In an attempt to save the project, Kaatsbaan International Dance Center has put its 101 acres and se

In an attempt to save the project, Kaatsbaan International Dance Center has put its 101 acres and seven buildings up for sale. Founding director Bentley Roton said the haven, along the banks of the Hudson River, is being crushed by high mortgage payments and legal fees. And the center’s talks for a merger with Bard College have stalled.

“We are hoping that a philanthropic buyer will step forward and sell it back to us at a reasonable interest rate or lease it back to us,” said Roton of the property, which is listed with WH Guernsey Realtors in Millbrook. Kaatsbaan is asking $6.7 million for the property.
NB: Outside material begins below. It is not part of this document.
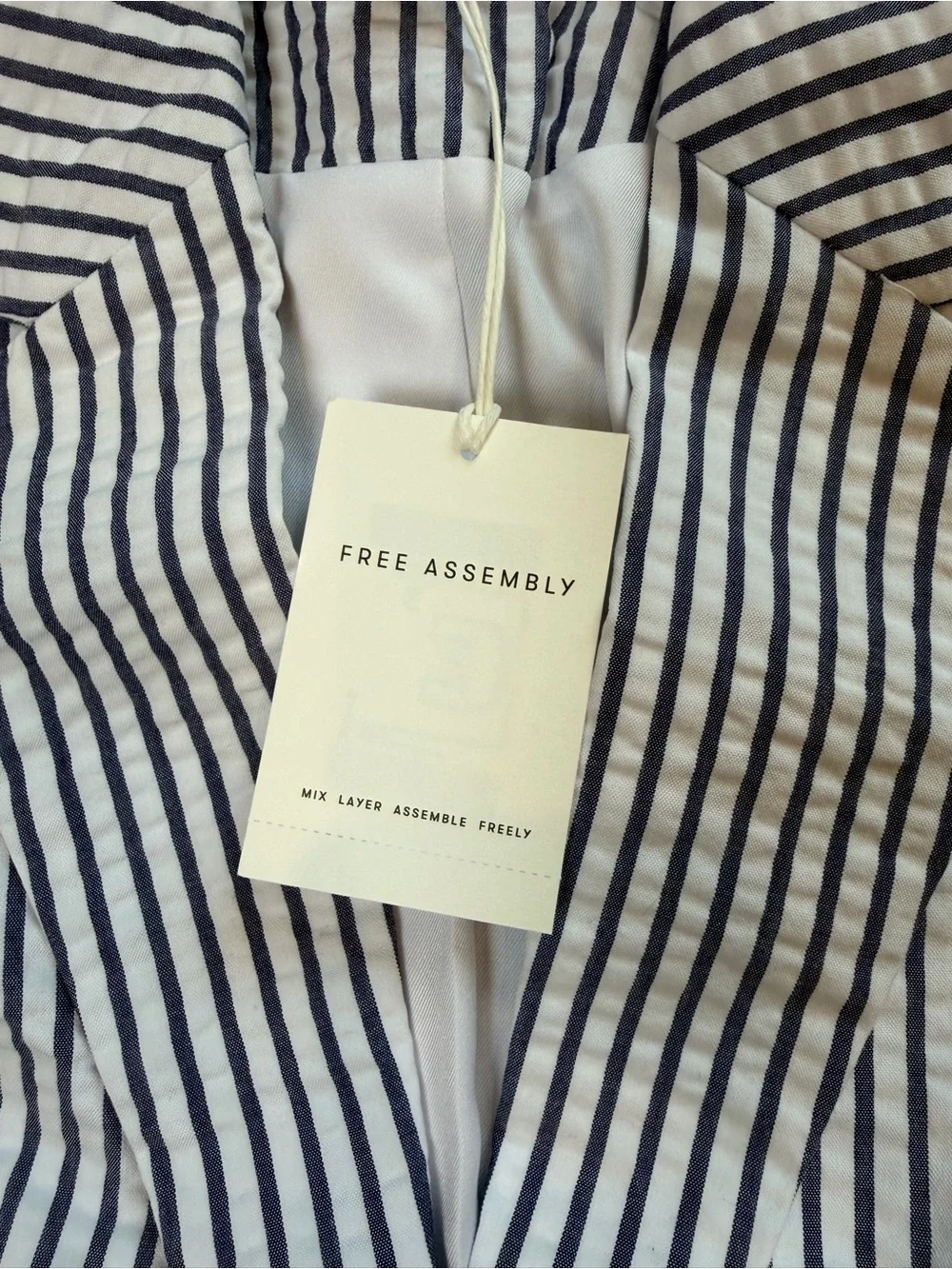 NWT Free Assembly Seersucker Blazer | Small Blue & White Striped Coastal Classic - Picture 7 of 9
Kaatsbaan, a former horse farm that hosts residencies for professional dance ensembles, has been dogged by money woes for the past two years. In addition to having difficulty paying off its $4 million mortgage, Kaatsbaan has spent $1.1 million in legal fees, $120,000 of which was incurred in an ongoing land dispute with its neighbors, James Welch and Fiona Angelini. The neighbors, under the public name of TBays LLC, purchased 53 acres of Kaatsbaan’s property at a sheriff’s auction for $118,000. Kaatsbaan contends the land sale was illegal, as the dance center was ready, able and willing to pay its creditor prior to the auction. The debate over the property is making its way through the state Appellate Court in Brooklyn.

College offer

Bard College offered to merge with Kaatsbaan in 2006, approaching the center with a lease-back agreement. Essentially, Bard would buy the property, pay off Kaatsbaan’s debts and allow Kaatsbaan and its board to continue to manage and expand the facility. Bard, which is situated a few miles to the south, would use the studios and theater when professional dancers and choreographers were not in residence.

“We were thrilled with the proposal from [President] Leon Botstein,” said Roton.
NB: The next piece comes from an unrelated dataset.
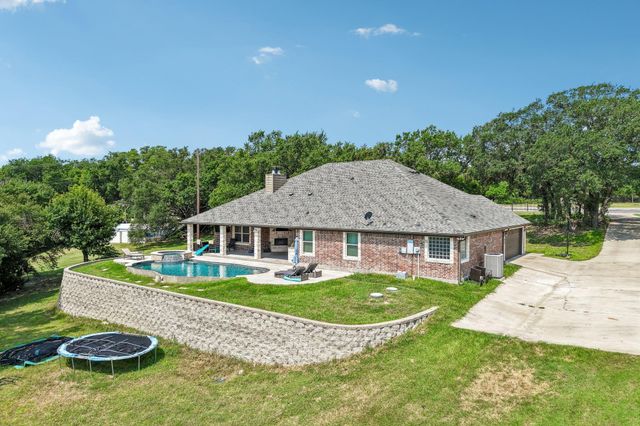 4747 Water Works RD, Belton, TX 76513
While the details were being worked out, Angelini joined the board of trustees at Bard. The terms of the agreement then started to unravel.

Kaatsbaan executive director Gregory Cary said the merger died in early August when “Bard insisted on an agreement where they would dictate financial decisions on the Kaatsbaan management. This is highly irregular in a sale and lease-back agreement and far outside of the relationship structured in the approved [by the state Attorney General’s office] lease agreement. Our attorney said it was unacceptable and asked for a closing date on the approved agreements.”
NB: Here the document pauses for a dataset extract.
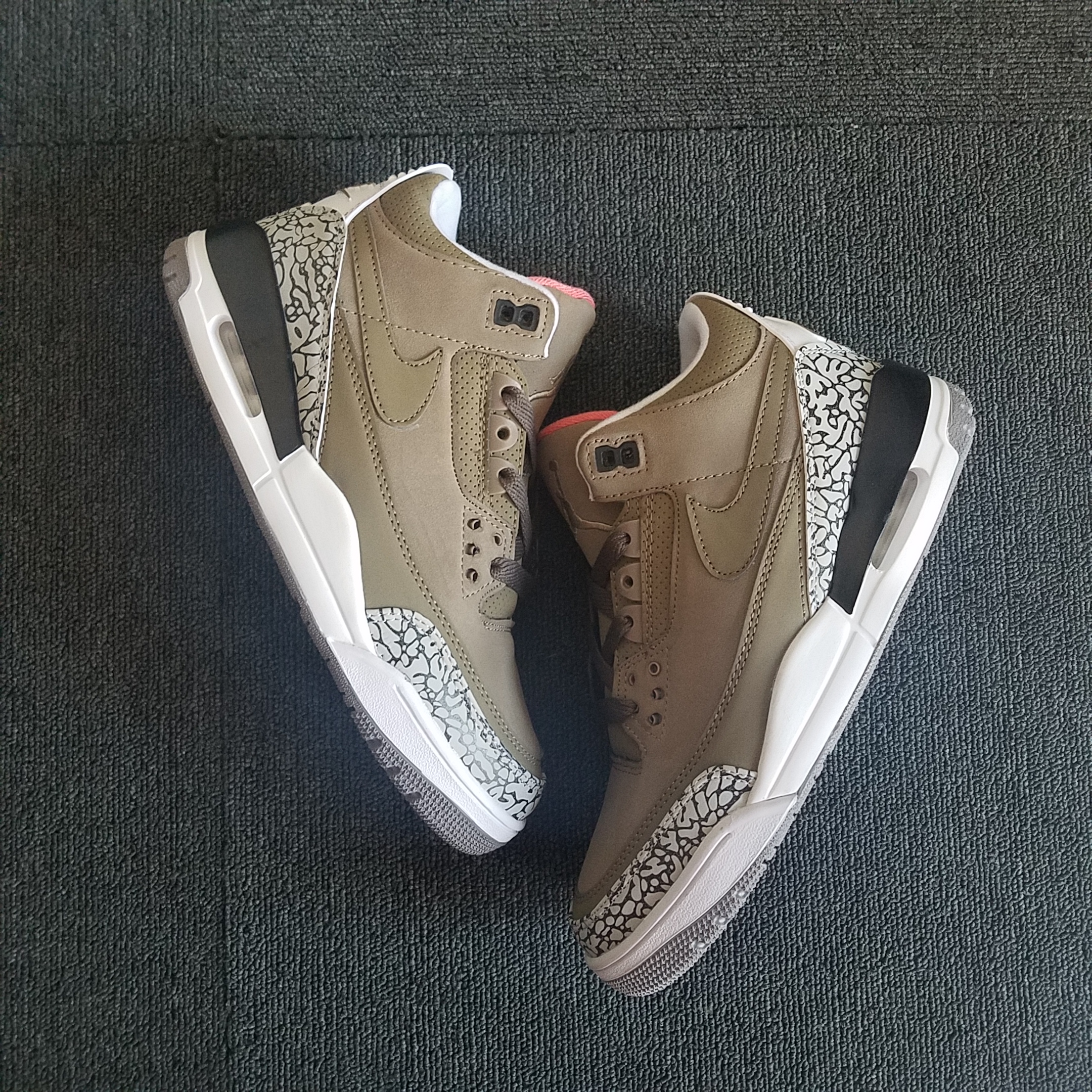 Air Jordan 3 Retro Brown Black Grey White Shoes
Kaatsbaan never heard back from Bard.

Bard spokesman Mark Primoff would not discuss the issues surrounding the failed merger. However, he did say that Bard “did not feel confident to move forward.”

He added that Bard would like to see Kaatsbaan continue, as it would be a resource for collaboration. “We have an undergraduate dance program that would benefit from Kaatsbaan’s facilities. But, as they say in politics, the devil is in the details.”

Primoff also said that Bard might try to renegotiate with Kaatsbaan at a later date.

Cary added that, despite Kaatsbaan’s continuing debt, the center has maintained a balanced budget, year-to-year, since its establishment in 1990.

Ties to ABT

While Kaatsbaan was established to create a respite for all professional dance companies, it has had a close relationship with American Ballet Theatre. ABT’s artistic director, Kevin MacKenzie, is one of Kaatsbaan’s founders and a member of the board. And project plans include a stage that could mirror the one at the Metropolitan Opera House in New York City where ABT performs each spring.

With financial woes stalling most of the project, the stage was never built. And, next month, ABT will perform its first Hudson Valley show — not at Kaatsbaan, but at Bard College’s Fisher Center for the Performing Arts.